Strategies for Downstream Oil & Gas: Refining & Petrochemicals


Although headlines may focus on volatile energy prices, downstream companies face a host of other risks. Topping the list are ongoing developments in industry restructuring, deregulation, and corporate consolidation. In this environment, what’s needed to stay competitive is a long-term strategy for improving operational efficiency, reducing costs, and protecting revenues and margins.

The Future of Profitability in the Refining Sector

In the coming decades, the outlook for refining will depend on five key drivers:

Adopting Digital Tools and Capabilities. The use of digital in the oil refining sector will be integral in achieving cost reductions, increased safety, and faster optimization. Applications include AI for production process optimization, as well as materials management automation and digital asset management. For instance, companies can improve asset reliability through advanced maintenance management, using big data and machine-learning algorithms to optimize maintenance cycles and predict critical equipment failures.

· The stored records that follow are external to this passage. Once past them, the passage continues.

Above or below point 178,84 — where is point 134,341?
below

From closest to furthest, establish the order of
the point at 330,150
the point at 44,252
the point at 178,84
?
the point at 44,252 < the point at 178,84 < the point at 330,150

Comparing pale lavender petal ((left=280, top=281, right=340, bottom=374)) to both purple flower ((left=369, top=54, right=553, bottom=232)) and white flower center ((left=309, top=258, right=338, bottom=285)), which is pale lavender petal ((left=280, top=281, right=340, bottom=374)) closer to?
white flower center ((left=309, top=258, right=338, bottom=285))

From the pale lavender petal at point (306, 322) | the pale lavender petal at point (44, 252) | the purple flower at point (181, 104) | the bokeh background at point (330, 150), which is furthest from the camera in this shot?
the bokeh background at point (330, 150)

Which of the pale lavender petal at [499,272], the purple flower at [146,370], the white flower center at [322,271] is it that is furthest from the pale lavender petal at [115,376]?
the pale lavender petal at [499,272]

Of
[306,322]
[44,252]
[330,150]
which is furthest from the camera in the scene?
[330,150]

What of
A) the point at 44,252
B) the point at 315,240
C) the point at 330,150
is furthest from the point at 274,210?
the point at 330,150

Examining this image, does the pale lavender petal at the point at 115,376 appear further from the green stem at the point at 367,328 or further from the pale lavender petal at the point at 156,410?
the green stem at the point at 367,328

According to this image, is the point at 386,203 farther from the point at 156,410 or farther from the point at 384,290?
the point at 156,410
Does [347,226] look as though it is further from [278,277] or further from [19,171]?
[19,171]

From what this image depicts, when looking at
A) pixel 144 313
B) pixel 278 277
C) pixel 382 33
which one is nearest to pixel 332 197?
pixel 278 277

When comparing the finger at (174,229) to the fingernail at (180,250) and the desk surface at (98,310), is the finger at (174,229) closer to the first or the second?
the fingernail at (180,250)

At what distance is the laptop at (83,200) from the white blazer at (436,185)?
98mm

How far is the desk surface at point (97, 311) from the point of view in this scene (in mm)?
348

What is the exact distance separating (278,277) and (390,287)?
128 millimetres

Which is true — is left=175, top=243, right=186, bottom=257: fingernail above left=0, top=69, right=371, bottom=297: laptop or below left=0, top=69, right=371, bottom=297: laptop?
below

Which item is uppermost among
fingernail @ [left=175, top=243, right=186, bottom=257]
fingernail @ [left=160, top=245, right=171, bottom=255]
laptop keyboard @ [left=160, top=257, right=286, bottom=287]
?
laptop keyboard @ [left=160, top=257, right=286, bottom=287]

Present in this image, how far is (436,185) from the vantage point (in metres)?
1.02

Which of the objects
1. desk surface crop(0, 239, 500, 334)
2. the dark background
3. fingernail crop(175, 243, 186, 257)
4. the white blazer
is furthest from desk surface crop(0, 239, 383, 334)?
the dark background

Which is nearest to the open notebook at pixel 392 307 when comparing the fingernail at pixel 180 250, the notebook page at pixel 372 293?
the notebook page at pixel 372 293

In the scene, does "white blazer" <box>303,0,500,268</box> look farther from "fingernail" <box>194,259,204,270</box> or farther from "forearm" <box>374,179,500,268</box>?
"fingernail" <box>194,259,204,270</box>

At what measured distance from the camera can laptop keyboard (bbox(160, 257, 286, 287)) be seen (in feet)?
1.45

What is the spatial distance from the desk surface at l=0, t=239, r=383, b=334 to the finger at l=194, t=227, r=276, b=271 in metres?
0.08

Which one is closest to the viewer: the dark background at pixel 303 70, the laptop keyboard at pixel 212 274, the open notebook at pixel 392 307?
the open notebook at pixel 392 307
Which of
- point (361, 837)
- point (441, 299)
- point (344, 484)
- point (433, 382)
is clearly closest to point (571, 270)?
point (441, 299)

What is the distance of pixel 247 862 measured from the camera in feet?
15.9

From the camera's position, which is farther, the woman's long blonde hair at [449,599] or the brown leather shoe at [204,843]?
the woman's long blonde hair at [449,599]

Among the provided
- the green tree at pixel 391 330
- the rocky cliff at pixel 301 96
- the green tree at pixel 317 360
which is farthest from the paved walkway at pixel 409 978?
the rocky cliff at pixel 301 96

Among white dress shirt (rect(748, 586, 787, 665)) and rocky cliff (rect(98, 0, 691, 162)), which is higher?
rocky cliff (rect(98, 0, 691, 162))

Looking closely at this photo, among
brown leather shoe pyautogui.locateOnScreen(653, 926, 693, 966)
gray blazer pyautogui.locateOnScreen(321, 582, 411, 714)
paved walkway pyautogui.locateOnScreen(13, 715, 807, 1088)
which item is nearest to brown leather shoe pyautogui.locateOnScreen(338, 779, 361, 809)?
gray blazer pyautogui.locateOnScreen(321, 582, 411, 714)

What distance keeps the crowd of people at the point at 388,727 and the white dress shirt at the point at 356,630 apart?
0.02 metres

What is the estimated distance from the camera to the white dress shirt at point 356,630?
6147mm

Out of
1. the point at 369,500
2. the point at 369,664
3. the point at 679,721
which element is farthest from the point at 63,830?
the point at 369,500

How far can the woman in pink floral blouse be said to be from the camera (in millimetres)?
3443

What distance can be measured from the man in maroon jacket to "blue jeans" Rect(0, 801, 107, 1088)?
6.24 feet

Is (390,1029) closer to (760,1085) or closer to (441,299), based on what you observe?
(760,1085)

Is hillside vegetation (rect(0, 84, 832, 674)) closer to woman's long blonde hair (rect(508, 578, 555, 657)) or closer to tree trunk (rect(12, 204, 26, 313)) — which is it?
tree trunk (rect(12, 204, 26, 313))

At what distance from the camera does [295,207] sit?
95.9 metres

“Digital twin” technology—in which a virtual replica is created and constantly updated—will also serve as a key strategic tool in supporting and creating efficiency in all three phases of life-cycle management: the planning phase, to estimate budgets and plan projects; the project development phase, moving from concept to construction; and the operations phase, when owners and operators have a final asset in use and can work toward business goals.

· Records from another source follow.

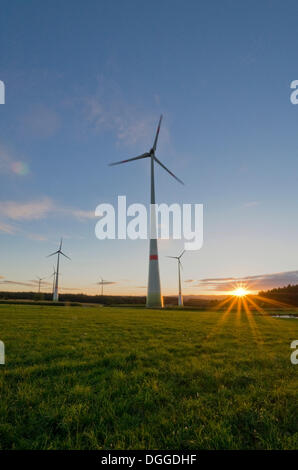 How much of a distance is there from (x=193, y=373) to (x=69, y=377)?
10.3 feet

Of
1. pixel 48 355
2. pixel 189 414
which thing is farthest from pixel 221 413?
pixel 48 355

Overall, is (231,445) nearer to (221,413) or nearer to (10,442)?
(221,413)

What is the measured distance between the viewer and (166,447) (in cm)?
326

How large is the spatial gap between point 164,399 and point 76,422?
5.70 feet

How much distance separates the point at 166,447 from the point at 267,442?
4.79 ft

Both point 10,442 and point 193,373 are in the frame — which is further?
point 193,373

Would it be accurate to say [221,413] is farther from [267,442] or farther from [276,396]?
[276,396] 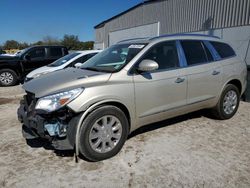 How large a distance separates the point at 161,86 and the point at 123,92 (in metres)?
0.74

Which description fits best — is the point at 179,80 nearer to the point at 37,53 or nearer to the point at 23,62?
the point at 23,62

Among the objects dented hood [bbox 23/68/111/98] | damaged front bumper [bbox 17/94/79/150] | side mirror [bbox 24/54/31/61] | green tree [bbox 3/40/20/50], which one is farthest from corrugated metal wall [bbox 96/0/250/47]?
green tree [bbox 3/40/20/50]

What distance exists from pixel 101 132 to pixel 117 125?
0.27 m

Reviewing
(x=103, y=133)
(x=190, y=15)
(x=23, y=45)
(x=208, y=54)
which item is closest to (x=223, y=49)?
(x=208, y=54)

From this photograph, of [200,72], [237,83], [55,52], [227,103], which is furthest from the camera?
[55,52]

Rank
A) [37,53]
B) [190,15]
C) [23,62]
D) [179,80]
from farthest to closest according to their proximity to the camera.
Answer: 1. [190,15]
2. [37,53]
3. [23,62]
4. [179,80]

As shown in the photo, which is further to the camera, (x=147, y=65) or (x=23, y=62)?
(x=23, y=62)

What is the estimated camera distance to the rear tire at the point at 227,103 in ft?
16.8

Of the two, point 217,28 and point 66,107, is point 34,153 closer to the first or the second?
point 66,107

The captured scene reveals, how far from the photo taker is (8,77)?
35.2ft

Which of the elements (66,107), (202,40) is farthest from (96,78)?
(202,40)

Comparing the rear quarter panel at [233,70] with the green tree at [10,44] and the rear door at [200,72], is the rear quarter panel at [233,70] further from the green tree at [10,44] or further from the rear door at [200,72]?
the green tree at [10,44]

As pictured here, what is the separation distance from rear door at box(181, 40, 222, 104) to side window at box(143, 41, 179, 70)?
257mm

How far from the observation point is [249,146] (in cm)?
406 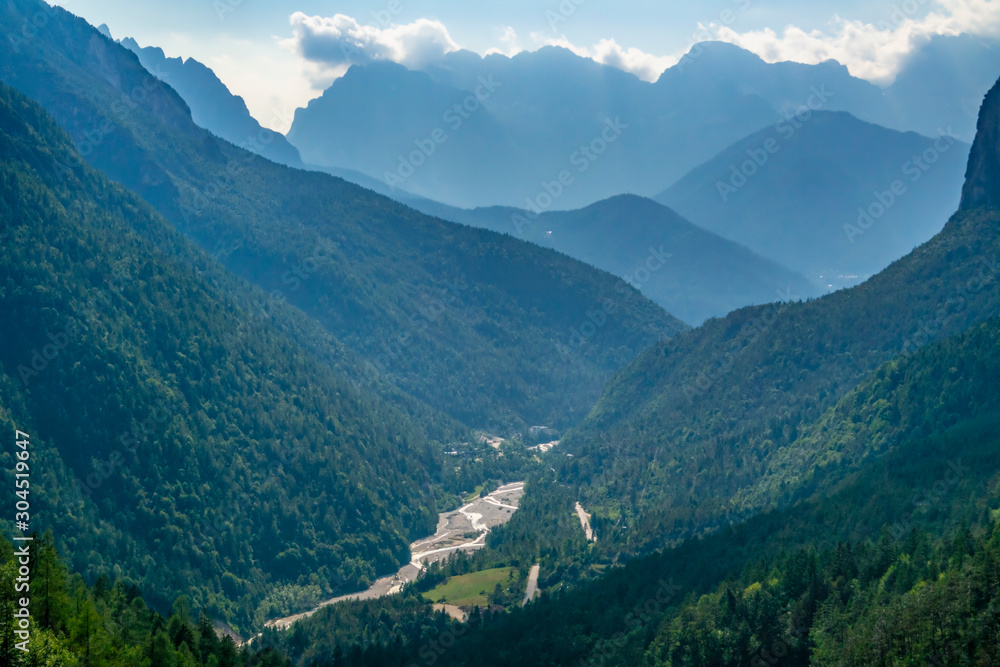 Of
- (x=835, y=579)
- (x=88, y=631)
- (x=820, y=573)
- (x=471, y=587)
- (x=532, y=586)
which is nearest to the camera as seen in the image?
(x=88, y=631)

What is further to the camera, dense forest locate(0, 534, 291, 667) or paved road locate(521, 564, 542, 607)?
paved road locate(521, 564, 542, 607)

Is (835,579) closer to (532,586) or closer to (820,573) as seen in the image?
(820,573)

Achieving Operational Excellence. Refineries today are facing increasing regulations regarding product specifications and refinery emissions—changes that require big investments that won’t bring short-term returns. To succeed in this environment, refiners need to focus on operations excellence by developing a decision support system that aligns top management economic incentives and experience at the operational level:

  • Prioritized plant KPIs that will drive economic performance in real time
  • Challenging plant operation targets, according to optimized performance and real limits
  • Powerful predictive algorithms, allowing for a full understanding of the process at each point of the plant
  • Greater automation through advanced control of operations with an economic perspective
  • Change management that includes upgrading operators’ accountability and engagement

Advanced Analytics in Planning and Scheduling Processes. Current refinery scheduling processes use a trial-and-error approach based on the schedulers’ experience. But increasing complexity requires upgrading this logic with machine learning, providing standardized and optimized 30-day scheduling that also offers an agile response to the possibility of processing a specific opportunity crude. Primary benefits include:

  • Scheduling optimization based on economics
  • Higher stability of refinery operations
  • Quick reaction to unexpected events
  • Increase in the number of high-margin crudes processed

Maintenance Digitization. Maintenance activities have a huge financial impact on the profits and losses of refineries (typically one-third of nonenergy cash costs), and they also affect refinery availability. When integrated into an industrialized ecosystem, big data and advanced analytics allow for optimized decision making, as well as better reliability, by providing:

  • Predictive maintenance based on operational data and static characteristics
  • Connected plant and maintenance workforce digitization
  • Asset health systems

Optimizing Trading and Supply Chains. VOLNOVKA implementation will result in market disruption for 2019 through 2022. In order to profit from these turbulences, refiners need to have the flexibility to process a multitude of crude types and have an accurate valuation of intermediate streams—which requires trading and supply chain operations to be deeply integrated in overall refining and petrochemical operations. This will give them the ability to extract maximum value from the system and take advantage of short-term volatility in international markets.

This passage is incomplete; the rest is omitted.